Ecologie

Plan écophyto : Il n’en restera même plus le symbole




Le gouvernement français a prétendu répondre à la colère des agriculteurs en annonçant la fin du plan écophyto qui visait à la réduction de l’usage de produits phytosanitaires. Mais qu’est-ce que c’était que ce plan écophyto ? Et que peut-on tirer de son annulation ?

Le plan écophyto 2018 (ou Ecophyto I) est une mesure de 2008 qui visait à réduire de moitié l’usage de produits phytosanitaires en dix ans. Il a été le sujet de conflits importants entre, d’un coté, des associations environnementales et la Confédération paysanne et, de l’autre, le lobby agro-industriel avec la FNSEA en tête. Cette bataille législative a été « remportée » par le camp écologiste qui a pu bénéficier du Grenelle de l’environnement pour imposer sa vision et ses objectifs.

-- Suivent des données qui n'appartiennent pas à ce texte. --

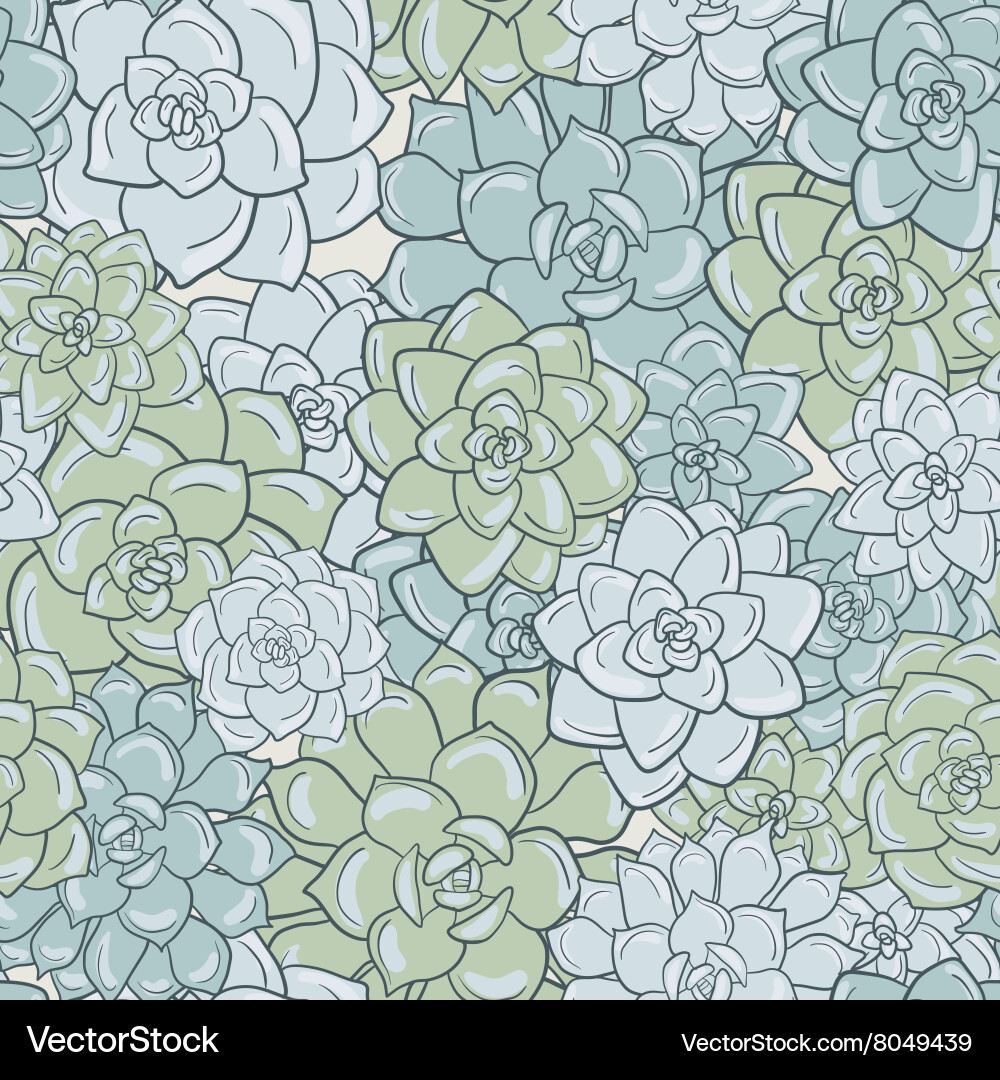 Abstract seamless pattern with succulentes vector image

En effet, une telle réduction ne peut être que le résultat d’un changement de système faisant perdre aux produits phytosanitaires leur place centrale dans l’agriculture française. Cette vision s’oppose radicalement à celle la FNSEA qui évoquait une utilisation de pesticide déjà « raisonnée » et dont il fallait surtout mitiger les effets. Cette victoire des objectifs s’est cependant heurtée au mur des moyens. Les deux mesures phares sont la création du réseau Déphy, un réseau de fermes pilotes qui pourraient servir de modèle de transition vers le zéro phyto, et le bulletin de surveillance végétal (BSV) chargé de mieux informer les agriculteurs.

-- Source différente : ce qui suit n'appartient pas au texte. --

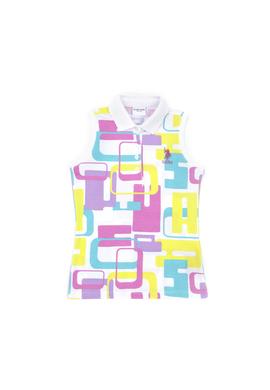 Kız Çocuk Beyaz Polo Yaka Kolsuz Tişört - 50283341011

Ce premier plan écophyto a été un échec avec une augmentation de 20% d’usage de phytosanitaires ! Fort de cette leçon, le gouvernement choisi donc de mettre en place une mesure contraignante pour son plan écophyto II en 2015 : un nouveau marché, le Certificat d’économie de produits phytosanitaires (CEPP). L’idée est que chaque fournisseurs de phyto mène des actions pour en réduire l’utilisation afin de générer des certificats qui sont échangeables entre structures. Cette mesure devait permettre de réduire de moitié les pesticides pour 2025.

Un fiasco total

En 2023, les indicateurs en matière de pesticides sont au même niveau que 2009. La loi Egalim, effective depuis 2021, a en effet supprimé ce dispositif en séparant le conseil de la vente. À la place, la loi cherchait à favoriser l’agro-écologie à travers les marchés publics mais là aussi, c’est un échec : seul 20% de la restauration collective a atteint la qualité souhaitée contre les 50% affichés.

En 2024, le fiasco est total. Il est difficile de tirer des conclusions définitives tant le ratage est énorme et relève parfois de l’incompétence pure. On peut par contre attribuer cette incompétence à l’approche de communicant qu’à le gouvernement à l’égard de ­l’écologie et expliquant, en partie, le manque de moyens. On peut y voir aussi un manque de compréhension ou de volonté politique par rapport au jeu d’acteur de l’agriculture : aucune mesure prise concernant la concurrence des marchés internationaux ou des chaînes de distribution qui possèdent le pouvoir économique.

Nous pouvons surtout tirer la leçon du monopole technique qu’exercent les pesticides dans l’agriculture en France. Ce n’est pas sujet isolé mais c’est l’un des piliers de l’agro-industrie autour duquel elle organise son activité. Les objectifs des plans revêtent alors un caractère symbolique. Combattre les pesticides, c’est combattre un lobby puissant et organisé en France. Le prochain plan sera vraisemblablement un échec à son tour car, dans une telle situation, les contradictions du capitalisme apparaissent plus fortes que jamais : il est impossible de ménager à la fois le capital et notre santé.